運用チームとの基本的な連携機能が欠如していることによって、アジャイルの取り組みよって得られたすべての恩恵が完全に無に帰していることに気付いてからは、システム開発ライフサイクルに運用(ops)を組み込む新しい戦略を作り上げるために、チームを結成しました。このときにはまだ、DevOps という用語はありませんでしたが、この言葉に宿る精神は、そのときに、アジャイルを採用および実践した開発チームの中に確実に存在していました。多くの「アジャイル」チームは、同じように困難な状況下に置かれていました。開発チームは、ソフトウェアを迅速に開発するようになっており、実際にコードを本番環境にリリースするときに大きな障壁に直面していました。
開発者の何人かの同僚は、運用チームとの私が良好な関係を気づいており、その関係を活かして、両方のチーム間の橋渡しをするように提案しました。私は、自分に災いが降りかかること、折角運用チームと築いてきた関係を危険にさらすことを若干懸念していました。開発チームの権力闘争と誤解される恐れのあるアイデアによって、関係を傷つけたくありませんでした。そのため、この急進的なアイデアによって運用チームにアプローチする方法について、長い間懸命に考えました。頭の中で何度も会話をリハーサルしたことを覚えています。そして、対話の準備ができたと思ったときに、運用チームとの打ち合わせをスケジュールしました。不安は、打ち合わせの日が近づくにつれて大きくなっていきました。

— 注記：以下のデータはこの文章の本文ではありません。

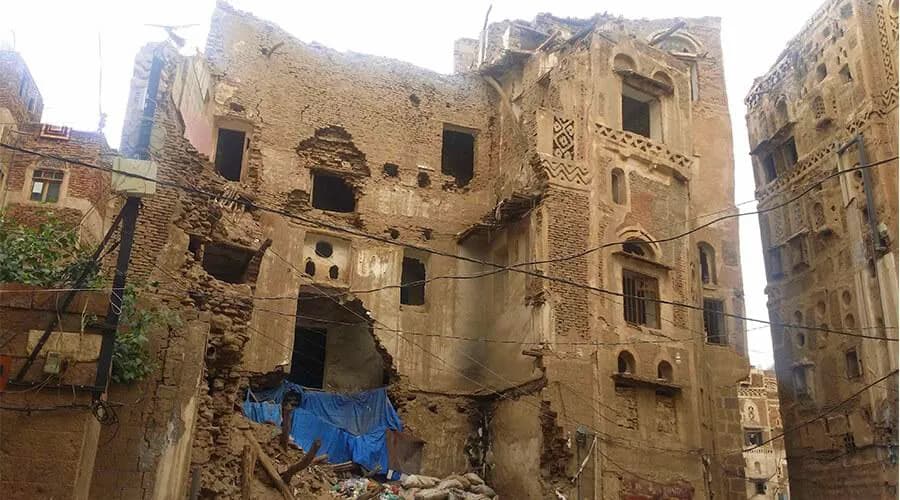مليشيا الحوثي توجه بهدم 11منزلا أثريا في صنعاء القديمة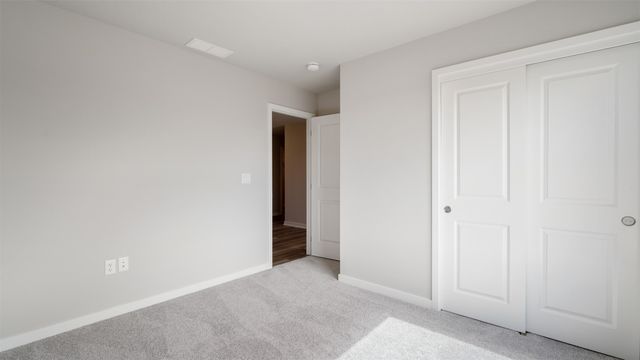 4375 E 44th Street, Des Moines, IA 50317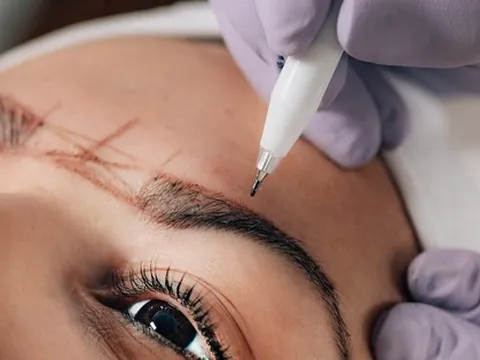 Một bác sĩ người Trung Quốc bị xử phạt 16,5 triệu động vì nhiều vi phạm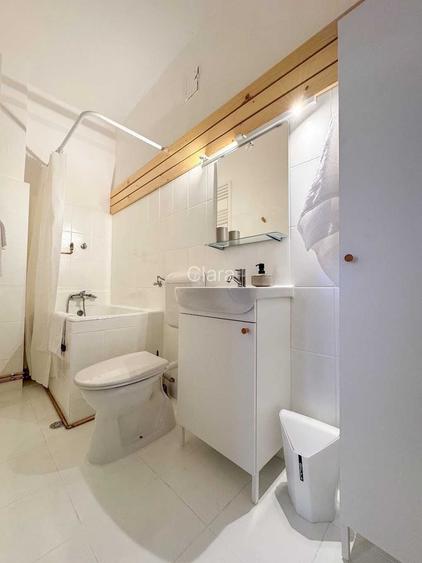 Inchiriez apartament la curte comuna zona Elisabetin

ついに、その日にやってきました。私は、自ら作った台本(何度もリハーサルした)に基づいて会話を始めました。本当に驚いたのですが、運用チームのマネージャーは、私に話をやめるように言った後で、運用チームが開発チームと同じスピード感で歩調を合わせるためにはどうしたらよいのかと質問してきたのです。このマネージャーは、開発チームが調整、品質、速度を向上し、成功を収めていることを、運用チームは見てきたことを説明しました。彼は、また、運用チームが、現在のプロセスがソフトウェアリリースを高速化するための大きな障害になっていることを認識していることも伝えてきました。これが運用チームの立場であり、運用チームは開発と運用のプロセスの両方を改善するために開発チームと喜んで協力したいと聞いて、私は本当に大喜びしました。

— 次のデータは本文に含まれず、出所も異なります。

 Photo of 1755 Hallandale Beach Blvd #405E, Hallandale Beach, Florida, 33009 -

そして、単純でも簡単でもない「障壁を打ち破るため」のジャーニーに取り組むことになったのです。両チームが理解して受け入れることができるリーンアジャイル戦略を考案することが、私たちが克服しなければならなかった最大の障害だった記憶があります。開発チームはすでにアジャイルを取り入れており、アジャイル文化にシフトしていたため、開発チームが運用チームに提案をするときに、ある意味で上から目線だったのかもしれません。開発チームの自信は、利己的と認識されました。この状況と、人の敏感性を考慮し、聞き手の心を閉ざしてしまうような偽善者なトーンを最小限に抑える方法で、お互いの問題を解決するために役立つコミュニケーション戦略を迅速に磨きました。チーム間のコミュニケーションのレベルを上げることは、壁を打開するときの最も大きな課題だと感じました。コミュニケーションの問題を改善する方法を取り入れた後には、開発チームと運用チーム全体は、別の部門として、そして単一の部門としても機能できるようになり、ソフトウェアデリバリの業務を同期化することができました。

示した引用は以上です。